== Work instruction ==
Begin the copy at the line that contains "Электровелосипед Eltreco BigCat", end it at the last line of the entries below, keep every word exact, and include no pictures.

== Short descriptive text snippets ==

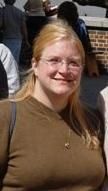 Amanda Rhoades - Class of 1993 - Richmond High School
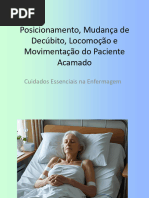 Escala IMS na Mobilidade em UTI | PDF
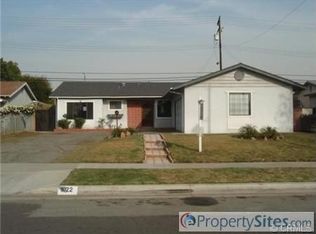 1022 Elsberry Ave, La Puente, CA 91744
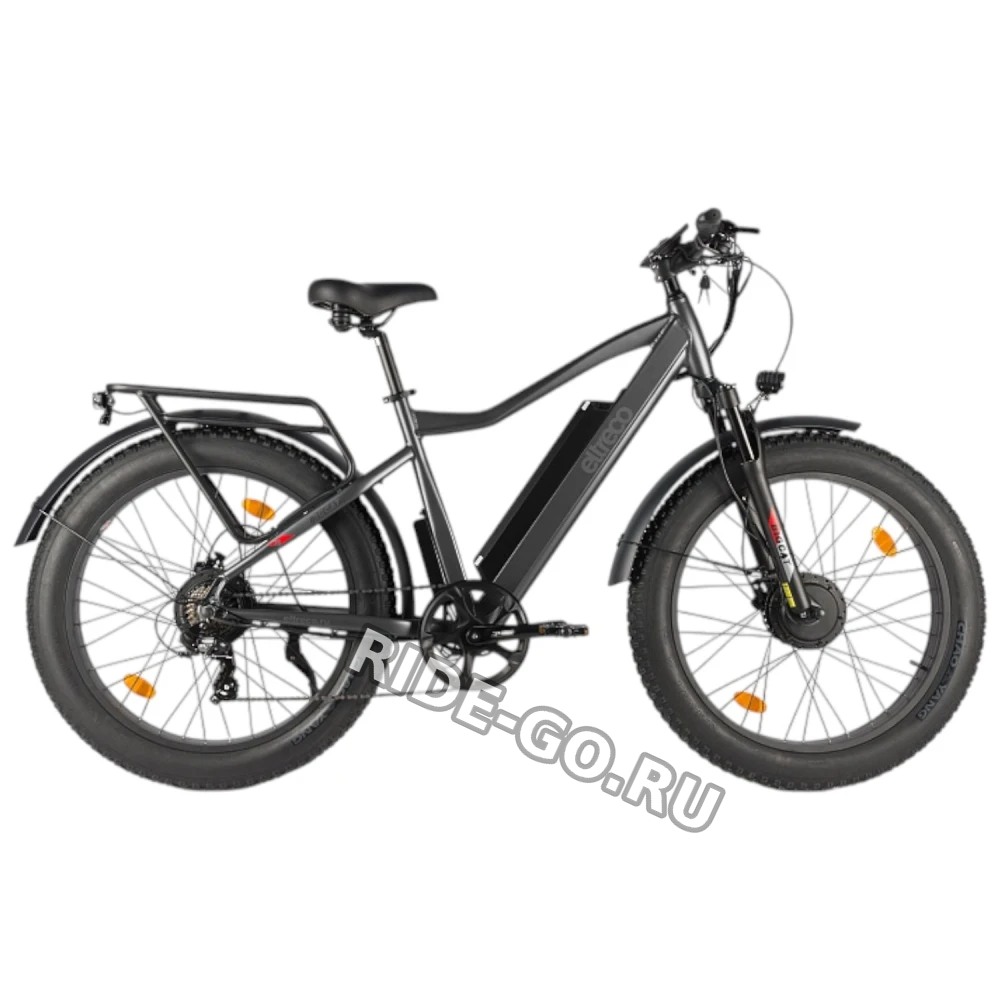 Электровелосипед Eltreco BigCat Dual Next PRO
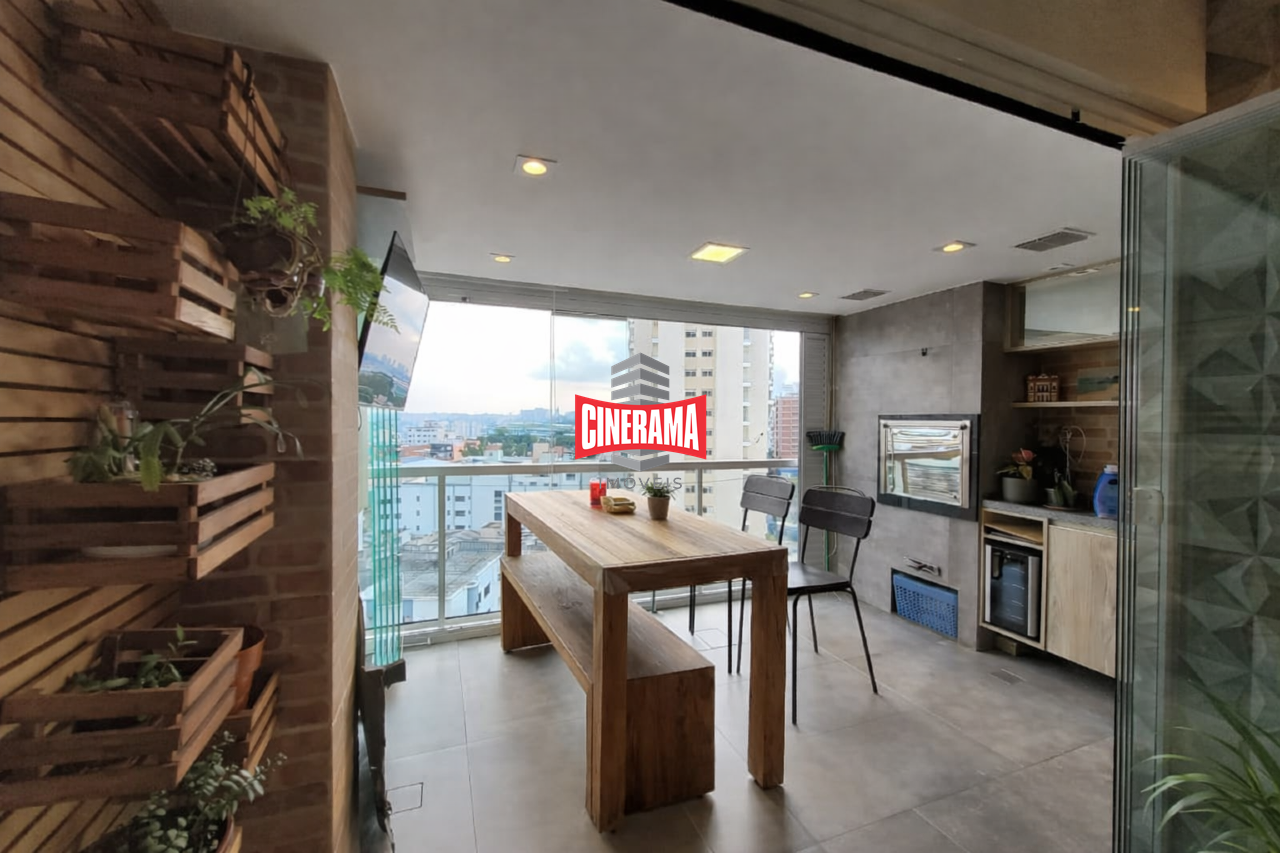 Apartamento à venda em Santa Paula, São Caetano do Sul - Cinerama Imóveis: 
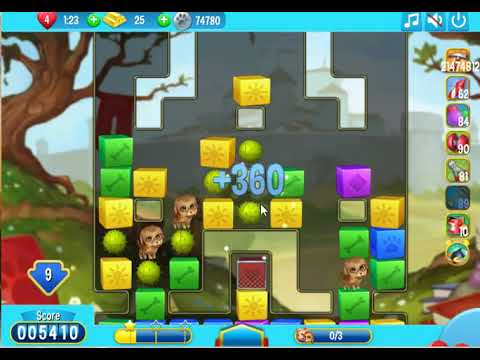 Pet Rescue Saga Level 2341 ~ one booster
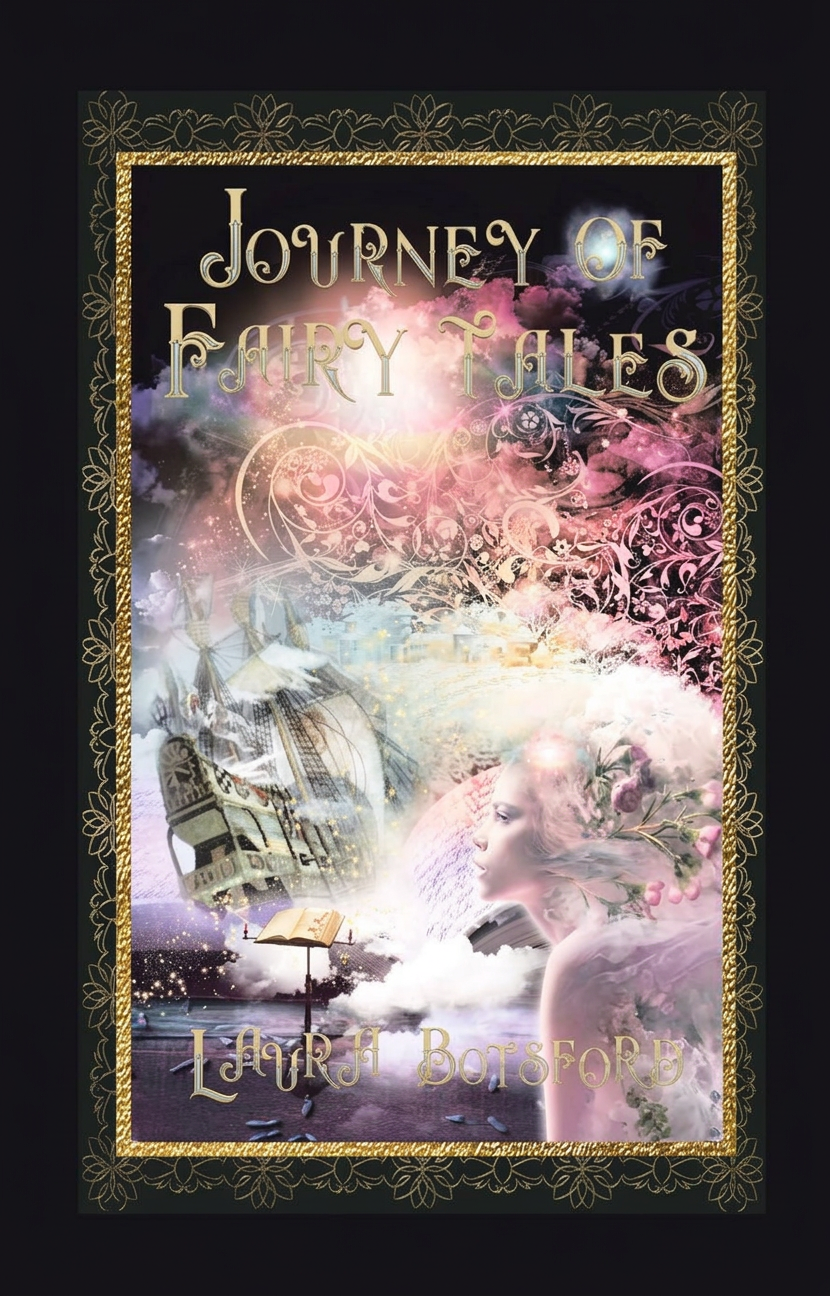 Journey of Fairytales Book Cover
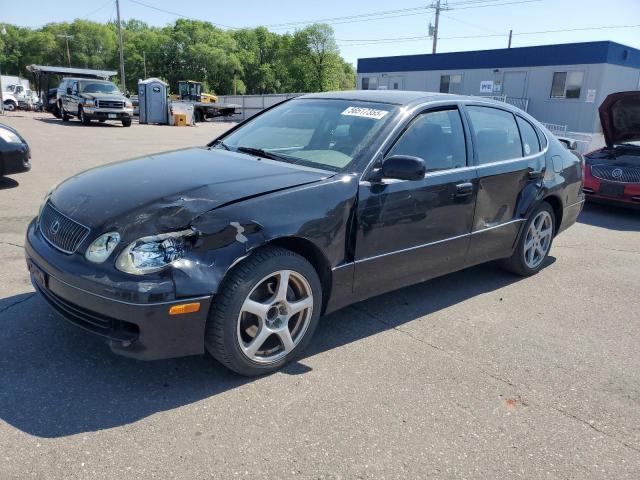  Salvage Lexus Gs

== Response ==
 Электровелосипед Eltreco BigCat Dual Next PRO
 Apartamento à venda em Santa Paula, São Caetano do Sul - Cinerama Imóveis: 
 Pet Rescue Saga Level 2341 ~ one booster
 Journey of Fairytales Book Cover
  Salvage Lexus Gs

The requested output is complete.